Finding FASTA records

To find specific FASTA records one can simply iterate over the individual records in a particular FASTA file and check if the description and/or sequence contains a particular string or regular expression. Let us therefore start by creating a tinyfasta.FastaParser instance.

>>> from tinyfasta import FastaParser
>>> fasta_parser = FastaParser('tests/data/dummy.fasta')

Matching based on the description line

Now let us look for a FASTA record where the description contains the string seq1.

>>> for fasta_record in fasta_parser:
...     if fasta_record.description.contains('seq1'):
...         print(fasta_record)
...
>seq1|contains 2x78 A's
AAAAAAAAAAAAAAAAAAAAAAAAAAAAAAAAAAAAAAAAAAAAAAAAAAAAAAAAAAAAAAAAAAAAAAAAAAAAA
AAAAAAAAAAAAAAAAAAAAAAAAAAAAAAAAAAAAAAAAAAAAAAAAAAAAAAAAAAAAAAAAAAAAAAAAAAAAA

Suppose we wanted to find all the FASTA records where the description line started with >seq1|, >seq2| or >seq3|. This query can be expressed using the regular expression below.

>>> import re
>>> search_term = re.compile(r'^>seq[1-3]\|')

We can use compiled regular expression to identify FASTA records of interest.

>>> for fasta_record in fasta_parser:
...     if fasta_record.description.contains(search_term):
...         print(fasta_record)
...
>seq1|contains 2x78 A's
AAAAAAAAAAAAAAAAAAAAAAAAAAAAAAAAAAAAAAAAAAAAAAAAAAAAAAAAAAAAAAAAAAAAAAAAAAAAA
AAAAAAAAAAAAAAAAAAAAAAAAAAAAAAAAAAAAAAAAAAAAAAAAAAAAAAAAAAAAAAAAAAAAAAAAAAAAA
>seq2|starts with ATTA motif in first line
ATTAAAAAAAAAAAAAAAAAAAAAAAAAAAAAAAAAAAAAAAAAAAAAAAAAAAAAAAAAAAAAAAAAAAAAAAAAA
AAAAAAAAAAAAAAAAAAAAAAAAAAAAAAAAAAAAAAAAAAAAAAAAAAAAAAAAAAAAAAAAAAAAAAAAAAAAA
>seq3|ends with ATTA motif in second line
AAAAAAAAAAAAAAAAAAAAAAAAAAAAAAAAAAAAAAAAAAAAAAAAAAAAAAAAAAAAAAAAAAAAAAAAAAAAA
AAAAAAAAAAAAAAAAAAAAAAAAAAAAAAAAAAAAAAAAAAAAAAAAAAAAAAAAAAAAAAAAAAAAAAAAAATTA

Matching based on the sequence

We can use a similar approach to check if a tinyfasta.FastaRecord contains a sequence motif.
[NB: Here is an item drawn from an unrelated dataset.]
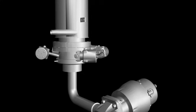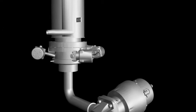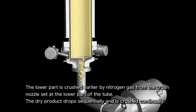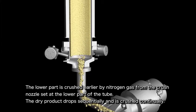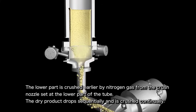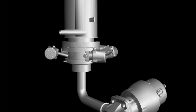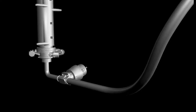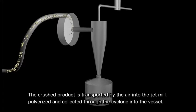This is the final part of our explanation, which addresses the process of crushing the dried products. After releasing decompression, nitrogen gas is blown through the crushed nozzle attached at the bottom of the tube. The gas crushes the dried product starting from the lower end of the tube and blows it into the jet mill. The crushed products are then pulverized by the jet mill before being recovered by a cyclone.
Let us first look for records containing a simple ATTA motif.

>>> for fasta_record in fasta_parser:
...     if fasta_record.sequence.contains('ATTA'):
...         print(fasta_record)
...
>seq2|starts with ATTA motif in first line
ATTAAAAAAAAAAAAAAAAAAAAAAAAAAAAAAAAAAAAAAAAAAAAAAAAAAAAAAAAAAAAAAAAAAAAAAAAAA
AAAAAAAAAAAAAAAAAAAAAAAAAAAAAAAAAAAAAAAAAAAAAAAAAAAAAAAAAAAAAAAAAAAAAAAAAAAAA
>seq3|ends with ATTA motif in second line
AAAAAAAAAAAAAAAAAAAAAAAAAAAAAAAAAAAAAAAAAAAAAAAAAAAAAAAAAAAAAAAAAAAAAAAAAAAAA
AAAAAAAAAAAAAAAAAAAAAAAAAAAAAAAAAAAAAAAAAAAAAAAAAAAAAAAAAAAAAAAAAAAAAAAAAATTA
>seq4|contains ATTA motif in middle of first line
AAAAAAAAAAAAAAAAAAAAAAAAAAAAAAAAAAAAAAAAAAAAAAAATTAAAAAAAAAAAAAAAAAAAAAAAAAAA
AAAAAAAAAAAAAAAAAAAAAAAAAAAAAAAAAAAAAAAAAAAAAAAAAAAAAAAAAAAAAAAAAAAAAAAAAAAAA
>seq5|contains ATTA motif split over two lines
AAAAAAAAAAAAAAAAAAAAAAAAAAAAAAAAAAAAAAAAAAAAAAAAAAAAAAAAAAAAAAAAAAAAAAAAAAAAT
TAAAAAAAAAAAAAAAAAAAAAAAAAAAAAAAAAAAAAAAAAAAAAAAAAAAAAAAAAAAAAAAAAAAAAAAAAAAA

More complicated sequence motifs can be searched for by compiling regular expressions. Suppose we wanted to be able to identify any of the sequences below:

ACCCA
ACCTA
ACTTA
ATTTA
ATTCA
ATCCA

This could be achieved with the regular expression A[C,T]{3}A.

>>> motif = re.compile(r"A[C,T]{3}A")

Now let us find all the FASTA records that contain this motif.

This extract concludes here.